*PROBLEM TO WORK ON*: An image-free, verbatim transcription of the records is the expected result.

*RECORDS PROVIDED*:
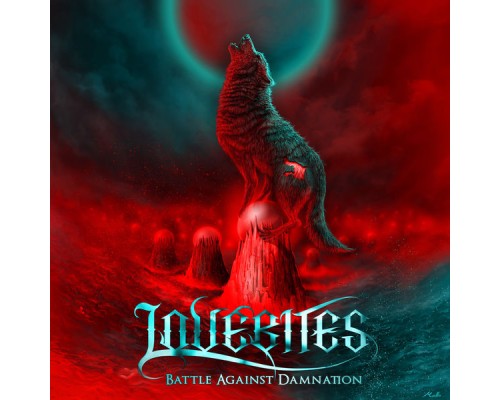 LOVEBITES - BATTLE AGAINST DAMNATION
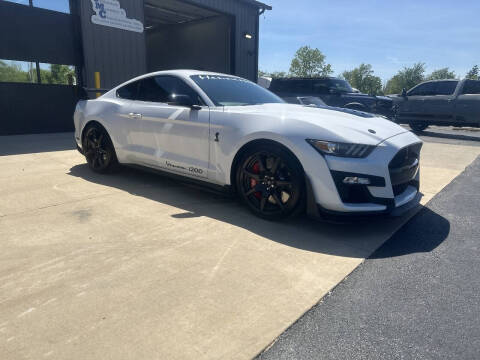 2022 Ford Mustang Shelby GT500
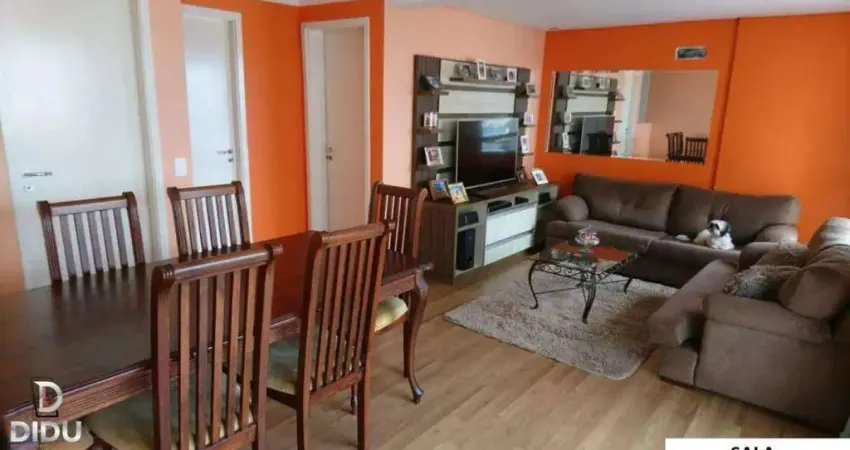 Apto para venda com 106 m²  no bairro casa branca em sto andré, sendo 3 suítes, terraço gourmet, 2 vagas, lazer completo. localização excelente!!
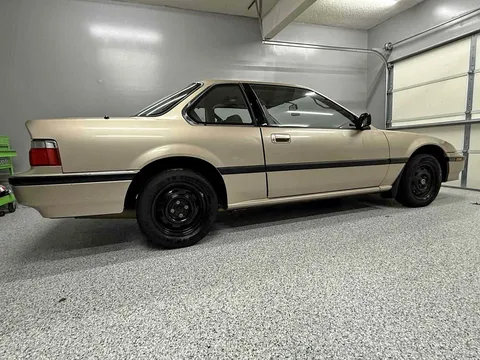 1990 Honda Prelude Si Coupe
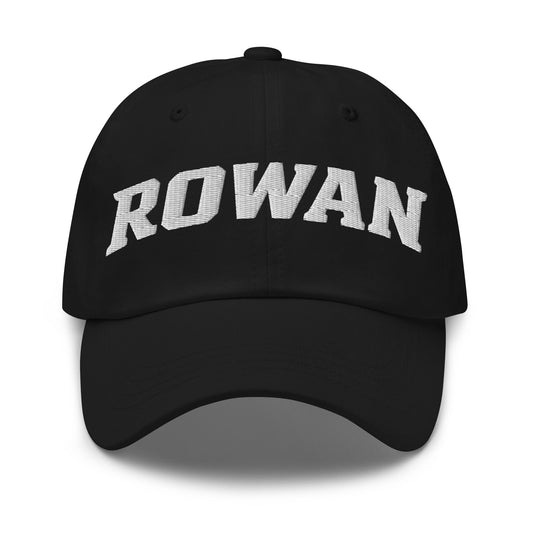 Dad Hat | Rowan Men’s Lacrosse | Crest Logo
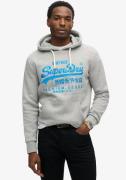 Superdry Hoodie NEON VL GRAPHIC HOODIE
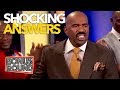 SHOCKING ANSWERS On Family Feud That Will Make You Laugh! Bonus Round
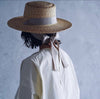 Wica Grocery - Pork Pie Garden Straw Hats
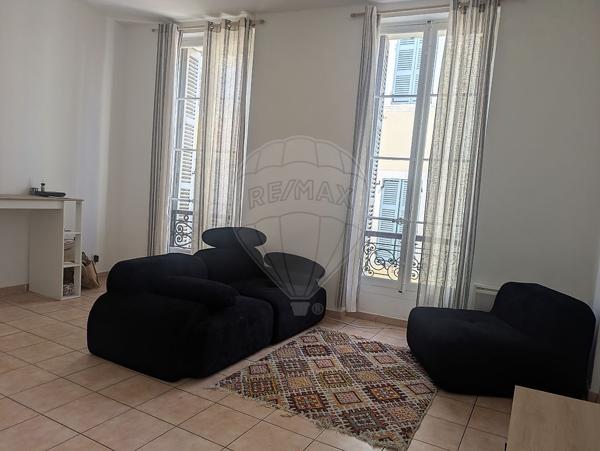 Appartement 1 chambre(s) à louer - Marseille 1er, Bouches-du-Rhône - 13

*ANSWER BELOW*:
 LOVEBITES - BATTLE AGAINST DAMNATION
 2022 Ford Mustang Shelby GT500
 Apto para venda com 106 m²  no bairro casa branca em sto andré, sendo 3 suítes, terraço gourmet, 2 vagas, lazer completo. localização excelente!!
 1990 Honda Prelude Si Coupe
 Dad Hat | Rowan Men’s Lacrosse | Crest Logo
 Superdry Hoodie NEON VL GRAPHIC HOODIE
 SHOCKING ANSWERS On Family Feud That Will Make You Laugh! Bonus Round
 Wica Grocery - Pork Pie Garden Straw Hats
 Appartement 1 chambre(s) à louer - Marseille 1er, Bouches-du-Rhône - 13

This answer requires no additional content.